Tony returns to 13 Bannerman Road.
Spin-offs from Doctor Who.

They seem like a no-brainer, sitting here in the twilight of the Jodie Whittaker/Chris Chibnall era, with the return of Russell T Davies in the wings, and talk of a Marvel-style Who-universe (we will need hitting with several more hammers before we ever in good conscience call it a Whoniverse) opening up.

But when Russell T Davies was the boss of Doctor Who the first time round, the idea of spinning off whole series from the main Doctor Who universe was an enormous gamble.

Sure, the likes of BBV and then Big Finish had been doing amazing things with whatever strands of the expanded universe they could get. Big Finish in particular had access to all the Classic era Doctors, and were redefining many of them on a bigger, broader, more emotionally complex canvas than TV Who had ever allowed those characters in the 20th century.

But there’s a difference between the audience for content like that – aimed specifically down the eager throats of hardcore, cash-spending fans – and the audience for the main TV show, which is families, children, yes, the hardcore, cash-spending, convention-going fans too, and essentially casual viewers stuck in doorways, aiming to go somewhere else, but unable to look away because Doctor Who was so exciting.

Spinning off from the main show in 2007 was a big risk.

True, having brought back Doctor Who in 2005, Russell T Davies had invented an adult-appropriate spin-off in 2006, in Torchwood. To do that, he had liberally laced the entire second series of New Who with references to this mysterious organisation, and then taken us into it, turned it into a folly that brought about the most fan-tastic series finale of all time – Daleks fighting Cybermen, with the Earth in the middle. That was Torchwood. When he then spun the organisation off into its own show, it was with downright chutzpah that he hit the reset button on the organisation, shifted it from London to Cardiff, and put it under the control of the Doctor’s newly immortal travelling companion, Captain Jack Harkness.
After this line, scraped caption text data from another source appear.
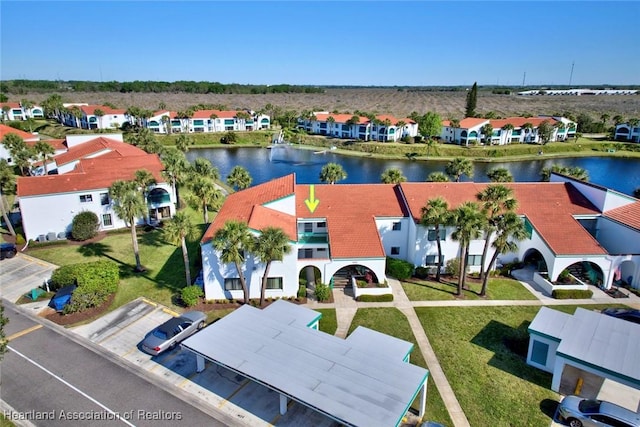 bird's eye view featuring a residential view and a water view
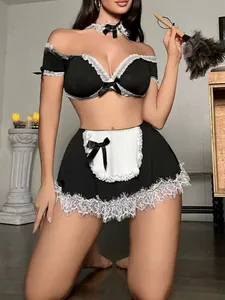 Detail of maid cosplay set featuring black ruffled crop top and white lace mini skirt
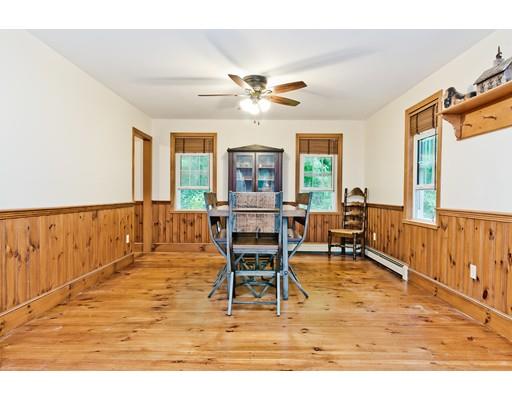 225 Locke Road Ashby, MA 01431 - Photo 6 of 27 a living room with furniture a large window and wooden floor
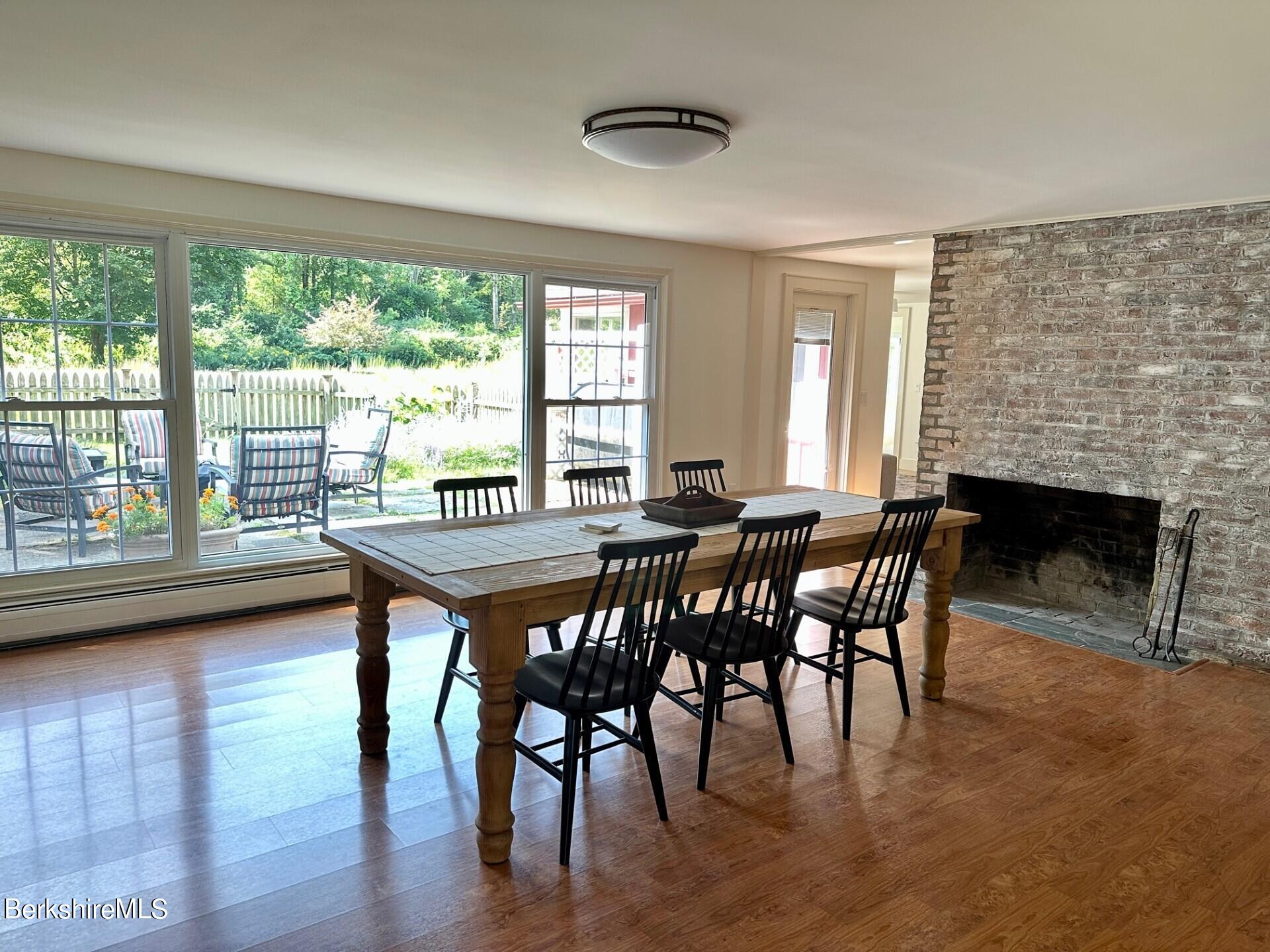5 Cherry Hill Road Stockbridge, MA 01262 - Photo 24 of 39 a dining room with furniture and wooden floor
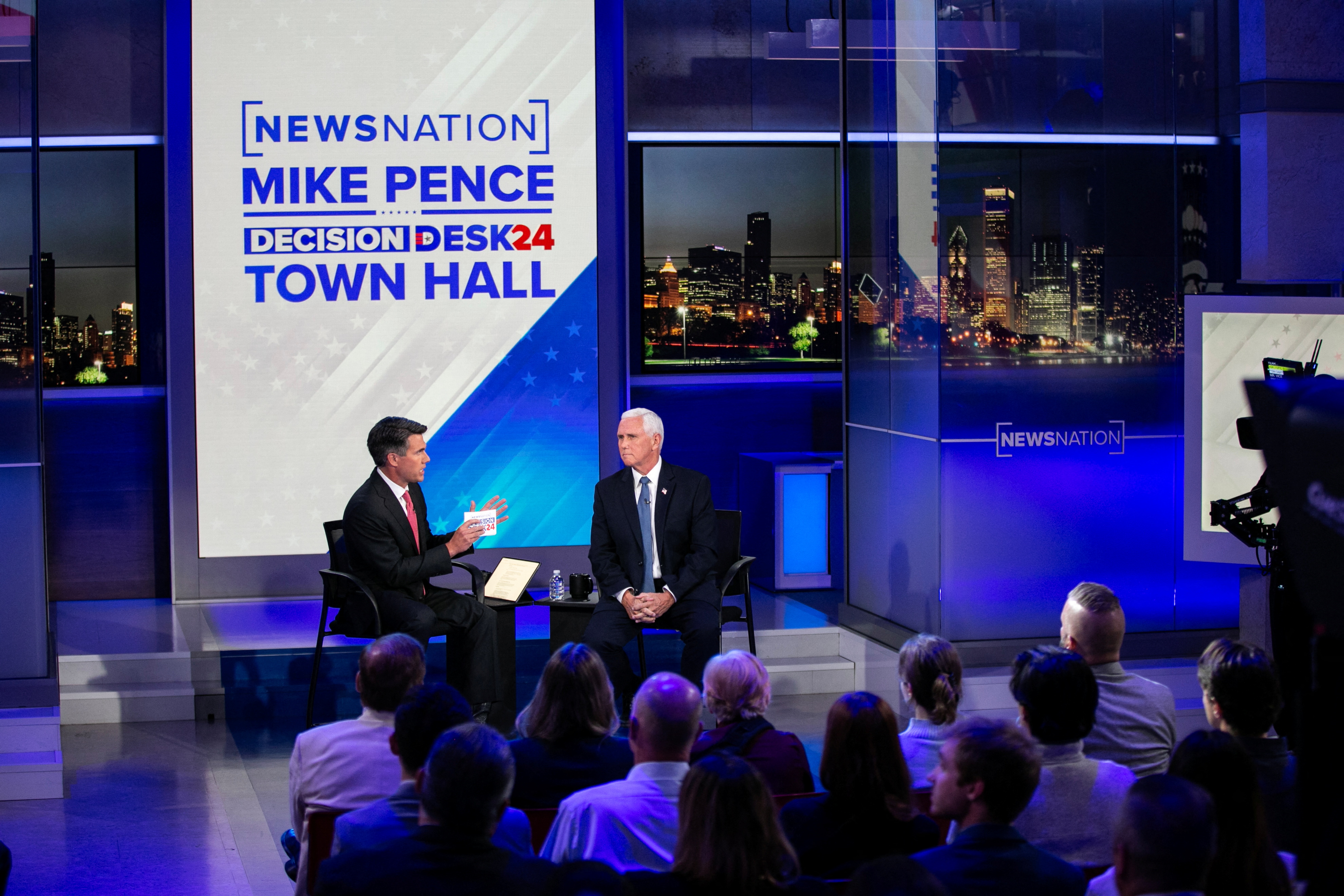 Mike Pence sits opposite a host on a "town hall" stage in front of an audience. Behind them is a screen with the words, "NewsNation Mike Pence Election Desk town hall."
But that was a spin-off with a whole series of mentions, references, and build-up. It was the X Files, in Cardiff, and with at first only a tangential connection back to the parent show.
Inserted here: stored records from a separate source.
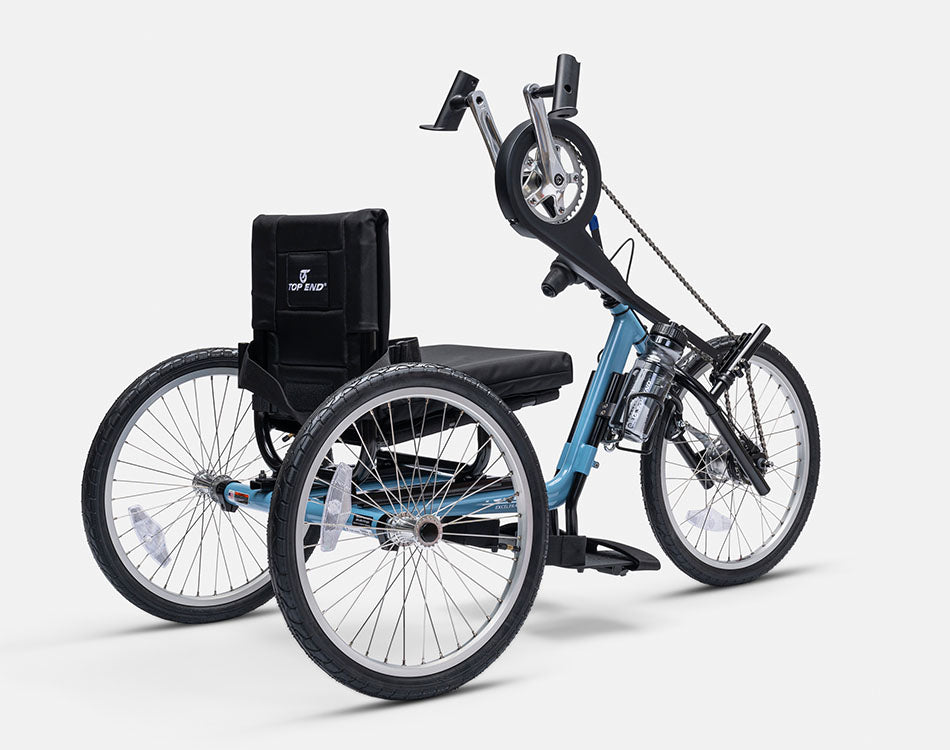 rear angle view of the Top End Lil' Excelerator Handcycle with a powder blue frame, padded black seat, and three all terrain wheels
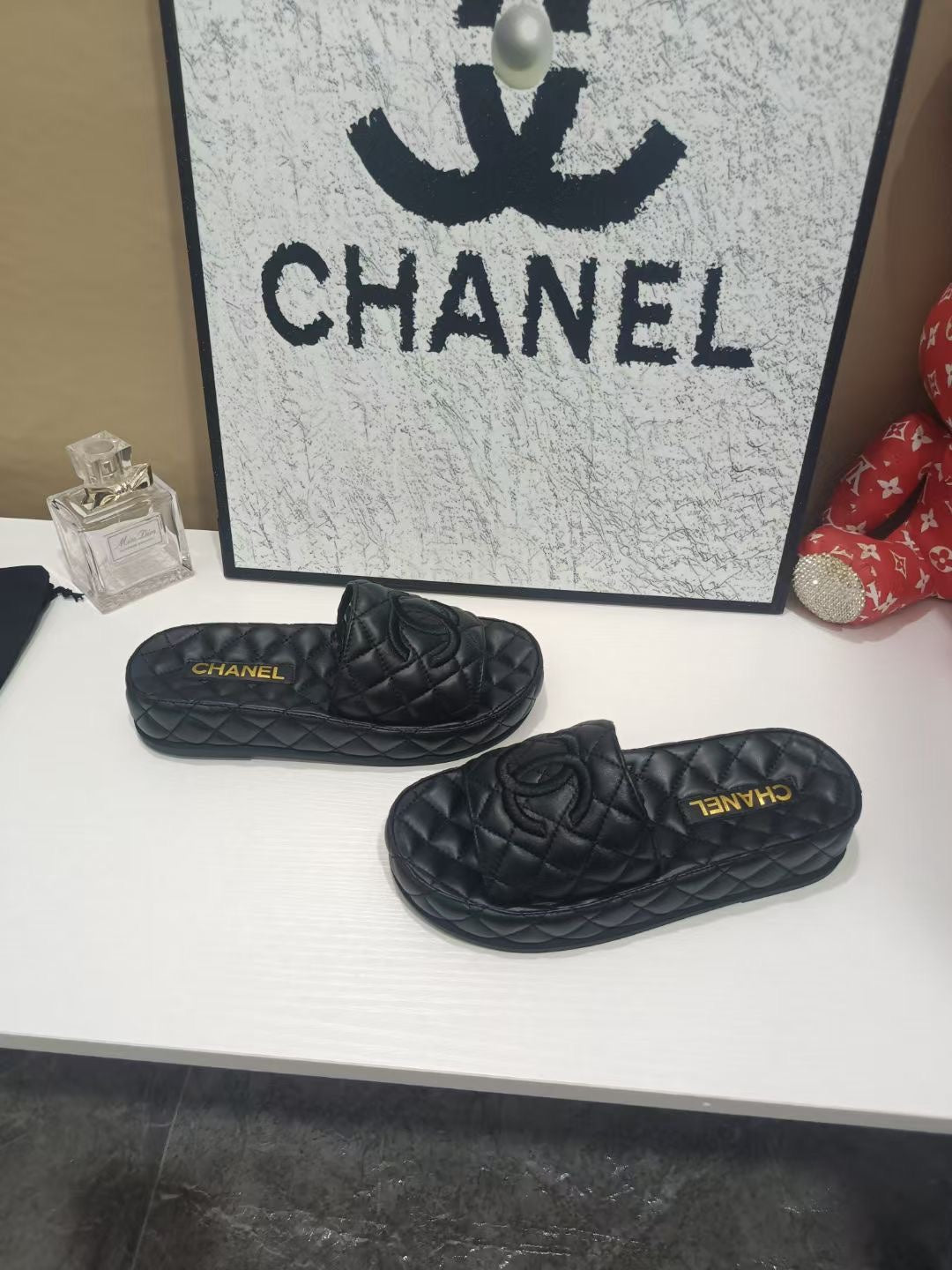 CC 26s Quilted Slide Sandals In Black Calfskin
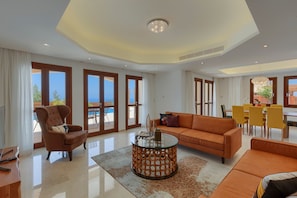 A spacious living room with a large sofa, a coffee table, and a dining area with yellow chairs.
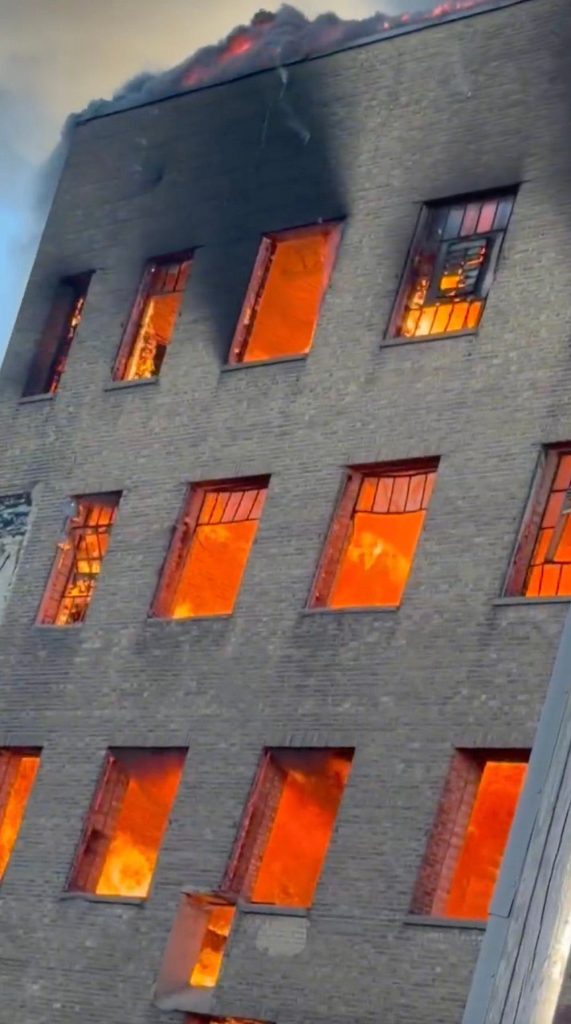 Woman arrested in connection to warehouse fire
Could he do it a second time, with just one episode of mainstream Doctor Who to prepare the audience?

What’s more, could he do it for a different, more targeted audience – as a full-on children’s show – with a companion who hadn’t been in mainstream Doctor Who since 1976 as a full companion, barring The Five Doctors in 1983? And with Sarah Jane, no less – the only human companion to have already had one bite at the spin-off cherry, and not been commissioned?
Honestly, in retrospect, it seems like an obvious thing to do – and long-time Doctor Who fans could and did tell you so back in the day – because they knew about the secret that was Elisabeth Sladen.
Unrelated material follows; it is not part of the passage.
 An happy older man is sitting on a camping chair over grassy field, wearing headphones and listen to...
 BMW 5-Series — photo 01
At the time though, it was an act of faith and an act of love by Russell T Davies.

Elisabeth Sladen, who played Sarah Jane, was much more beloved by the fans than she probably knew. But she’d been burned by the programme and the showrunner before. When John Nathan-Turner got rid of the quirky robot dog, K9, there was uproar. Well, what passed for uproar in the early 80s – there were sternly-written letters to the BBC. As a sop to the fans, Nathan-Turner floated the ide of shipping K9 off into his own spin-off, and despite never having worked with the awkward prop during her time on Doctor Who, Elisabeth Sladen and Sarah Jane were chosen to be the humans who would become the sidekick to the robot (it was that sort of era – anyone remember Knight Rider?)

Sadly, the pilot episode didn’t ignite into a series and K9 and Company (or A Girl’s Best Friend, as the pilot was called) became a slightly sour-tasting oddity, a one-off that could have been more.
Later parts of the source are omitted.